Abstract

On the statistical steady state gas-solid flow in a riser as predicted through a two-fluid simulation

Christian C. Milioli; Fernando E. Milioli

Thermal and Fluids Engineering Laboratory EESC - School of Engineering of São Carlos, USP - University of São Paulo Av. Trabalhador São-Carlense, 400, 13566-590 São Carlos, SP, Brazil. E-mails: ccosta@sc.usp.br / milioli@sc.usp.br

ABSTRACT

This work is concerned with the extremely high computational costs of the two-fluid simulations of gas-solid flows in risers. In a previous article [1] a procedure was proposed to speed up the simulations towards the desired statistical steady state flow regime. In this continuing article the concern is turned to the time extent that a simulation must advance inside the statistical steady state regime so that suitable time averaged predictions can be made. An analysis is carried out using the results of a transient two-fluid simulation of a riser flow performed inside the statistical steady state regime. Time averaged results were produced considering different time averaging intervals of 5, 10, 15 and 20 seconds. Both the transient behavior of the predictions and the time averaged results are discussed. For the present case, it was found that 10 seconds of fluidization taken inside the statistical steady state regime are enough for a reasonable qualitative description of the average flow.

Mathematical subject classification: Primary: 06B10; Secondary: 06D05.

Key words: two-fluid simulation, gas-solid flow, circulating fluidized bed, riser.

1 Introduction

Circulating fluidized bed reactors are widely used in large scale applications such as catalytic cracking of petrol and coal combustion. Development and design in those areas are strongly based on demonstration plants, at extremely high costs. In this context, treatments applying computational fluid mechanics assume considerable relevance. The complex gas-solid flow patterns which develop inside the risers of circulating fluidized bed reactors determine reaction rates, so that rigorous hydrodynamic descriptions are required. The continuum Eulerian or two-fluid models are currently considered the most practical choice for providing such descriptions [2].

Owing to flow instabilities, the risers can not operate in real steady state conditions. Instead, they operate in pseudo-permanent or statistical steady state flow regimes, imposing numerical simulations to be transient. Figure 1 illustrates the behavior of any parameter as predicted from a two-fluid transient simulation of the gas-solid flow in risers (see [3], for instance). From a given initial condition, the simulation goes through an early stage, and finally reaches the so called statistical steady state regime.
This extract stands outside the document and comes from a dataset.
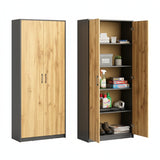 Schrank Mehrzweckschrank Aktenschrank Hochschrank mit 5 Fächern, 2 Türen, 74x35x180 cm, vielseitig einsetzbar für Büro, Flur, Küche, Hauswirtschaftsraum, stabil & pflegeleicht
For practical purposes, this regime is considered to be reached when all the flow parameters start to oscillate around well defined averages.

Most of the literature reported works on two-fluid simulation of risers only present time averaged data, mainly for comparisons to experiment. Only a few works are reported which also present results on the transient behavior of the flow, including data on both the early stage and the statistical steady state regime [3-8]. None of those works performed any analysis on the averaging time interval that would be required for obtaining suitable averaged results. Tsuo and Gidaspow [8] generated time averaged results considering only 5 seconds of real fluidization inside the statistical steady state regime, Zhang and Vander-Heyden [7] considered 10 to 15 seconds, Mathiesen et al. [6] considered 16 to 20 seconds, and Cabezas-Gómez and Milioli [5] considered 80 seconds.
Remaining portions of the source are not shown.